Search code examples
pythonnumpypytorch

Fast way to remove multiple rows by indices from a Pytorch or Numpy 2D array


I have a numpy array (and equivalently a Pytorch tensor) of shape Nx3. I also have a list of indices corresponding to rows, that I want to remove from this tensor. This list of indices is called remove_ixs. N is very big, about 5 million rows, and remove_ixs is 50k long. The way I'm doing it now is as follows:

mask = [i not in remove_ixs for i in range(my_array.shape[0])]
new_array = my_array[mask,:]

But the first line is just not terminating, takes forever. The above is in numpy code.
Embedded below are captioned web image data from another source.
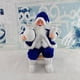 thumbnail image 1 of Muñeco de Papá Noel Yotijar Navidad Sentado con bolsa de regalo y regalos azul, 1 of 8
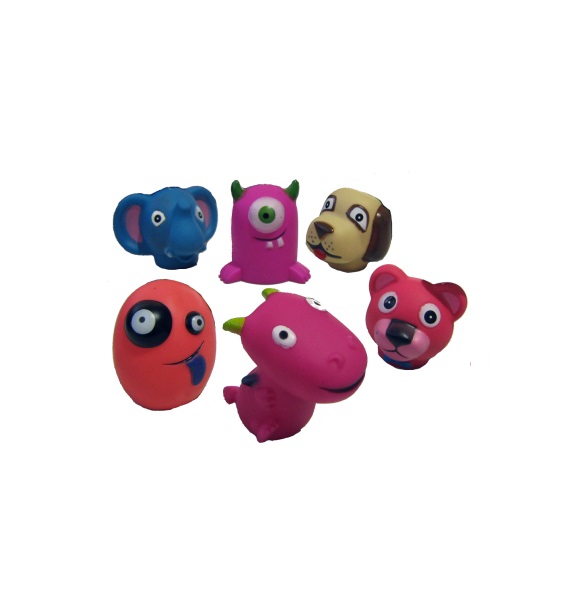 JUGUETE VINILICO CHICO SURTIDO "BA" - IMPORTADO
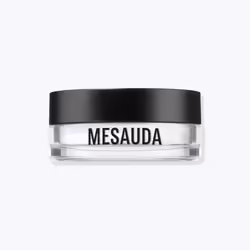 MESAUDA Celestial Veil Invisibile, Tous types de peau, Silver, Argent, Pot, Poudre libre, Fixation, Correction de tonalité
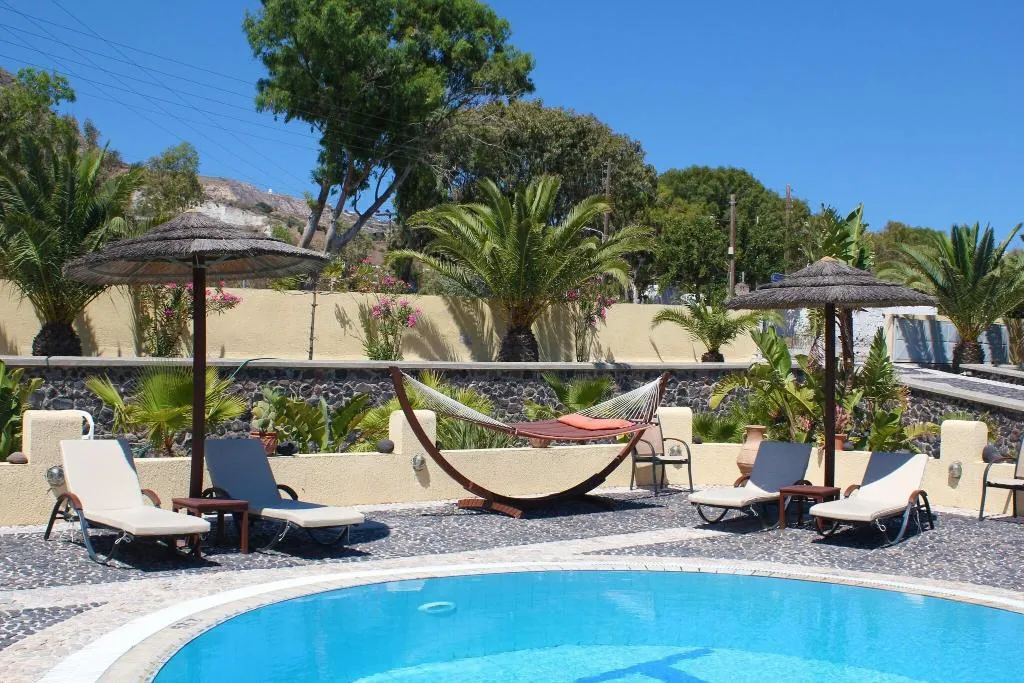 Pool, Horizon Resort, Santorini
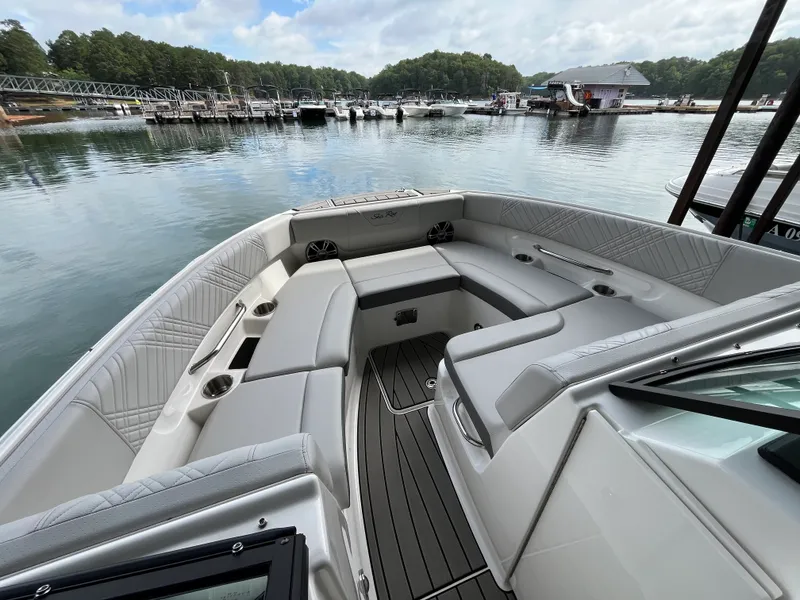 Slide: The Image of Sea Ray 250 SDX 2025 - 15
An equivalent Pytorch code would also work for me.

Is there a faster way to do this with either numpy or pytorch?


Solution

  • You can create an initial mask (boolean) array that is True for the elements you want to remove and then invert it to give a mask of the elements you want to keep.

    remove_mask = np.zeros(my_array.shape[0], dtype=bool)
    remove_mask[remove_ixs] = True
    mask = ~remove_mask
        
    new_array = my_array[mask, :]
    

    Or start all True and do the opposite:

    mask = np.ones(my_array.shape[0], dtype=bool)
    mask[remove_ixs] = False
        
    new_array = my_array[mask, :]
    

    For some reason, the first version is faster for smaller arrays.